Le
phénomène perdure depuis des années. En effet, à intervalles réguliers,
des milliers d’individus entassés dans des embarcations de fortune
échouent invariablement sur les côtes libyennes s’ils ne se noient pas
tout simplement quand la pirogue chavire.
On avait fini par être coutumier de ces faits si bien que le sujet était devenu un marronnier pour nous autres, journalistes.
Mais force est de reconnaître que le phénomène prend des proportions
énormes. Jugez-en vous-même : dans la nuit du samedi au dimanche 19
avril, un chalutier qui transportait des migrants a fait naufrage au
large des côtes libyennes ; vingt-huit personnes ont été repêchées, mais
si l’on s’en tient à leurs témoignages, 700 personnes ont dû perdre la
vie dans ce drame.
On croirait que ces contingents de clandestins avaient fait un
regroupement quelque part en vue d’un débarquement en masse en Europe.
Fuyant la misère de chez eux, ces enragés de l’aventure sont stoppés,
s’ils ont la chance de survivre, à la frontière des pays où ils sont
indésirables. L’Eldorado dont ils rêvent tant se transforme en véritable
cauchemar si ce n’est en Enfer.
L’Italie, impuissante face à cette vague d’immigration, a pendant
longtemps appelé les autres Etats de l’Europe à une réponse
communautaire.
En vain. Elle continue malheureusement à se battre seule comme un beau
diable pour contenir ce flux de clandestins qui se massent à ses côtes.

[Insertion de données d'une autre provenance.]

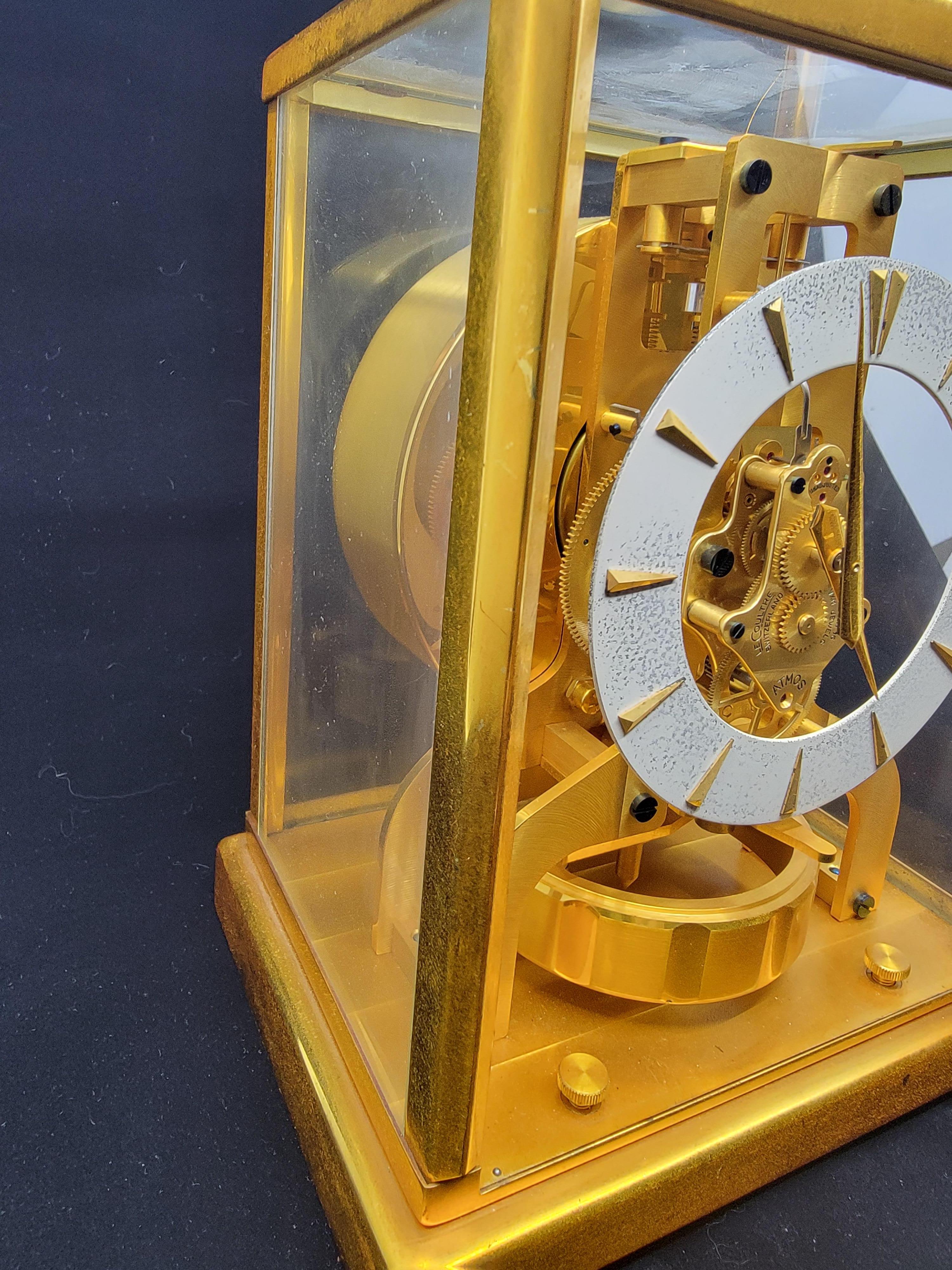 Mid-Century Modern Le Coultre Atlas Clock For Sale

Quand on voit les navires dans lequels nos frères s’embarquent pour
cette aventure, on se dit qu’il faut vraiment être dans le désespoir
total pour oser se lancer dans une telle entreprise à l’issue quasi
fatale. Cette détresse humaine est nourrie par des passeurs qui ont créé
une industrie de la misère autour d’un trafic qu’ils exploitent sans le
moindre scrupule.
Certes, la responsabilité de ces interminables hécatombes est à
rechercher au niveau des pays de départ dont la faillite des politiques
pousse les jeunes à aller voir ailleurs. Mais les familles de ces
migrants « s’en fout la mort » sont, dans une certaine mesure,
comptables de la situation.
Si les candidats à la migration suicidaire ont le courage de se jeter
dans ces eaux tumultueuses, c’est parce que leur sort n’intéresse pas
des dirigeants incapables de trouver des solutions aux questions
d’emploi des jeunes, et ce n’est pas le naufrage d’un migrant qui
viendra troubler leur sommeil.
Mais quand les parents eux-mêmes se saignent littéralement pour envoyer
leurs fils risquer leur vie dans un voyage improbable vers un pays de
cocagne où coulent le lait et le miel, on se demande s’il ne valait pas
mieux chercher à faire son trou sur place.
Quel que soit le pays, avec deux ou trois millions, on peut entreprendre
quelque chose et espérer s’en sortir dignement. On connaît les
avantages qu’une famille peut avoir lorsqu’un de ses membres parvient à
passer de l’autre côté de la Méditerranée.
Mais quand on voit la mer se transformer en cimetière, il y a de quoi
réfléchir avant de se lancer corps et âme dans une telle traversée
périlleuse à la recherche d’un improbable mieux-être.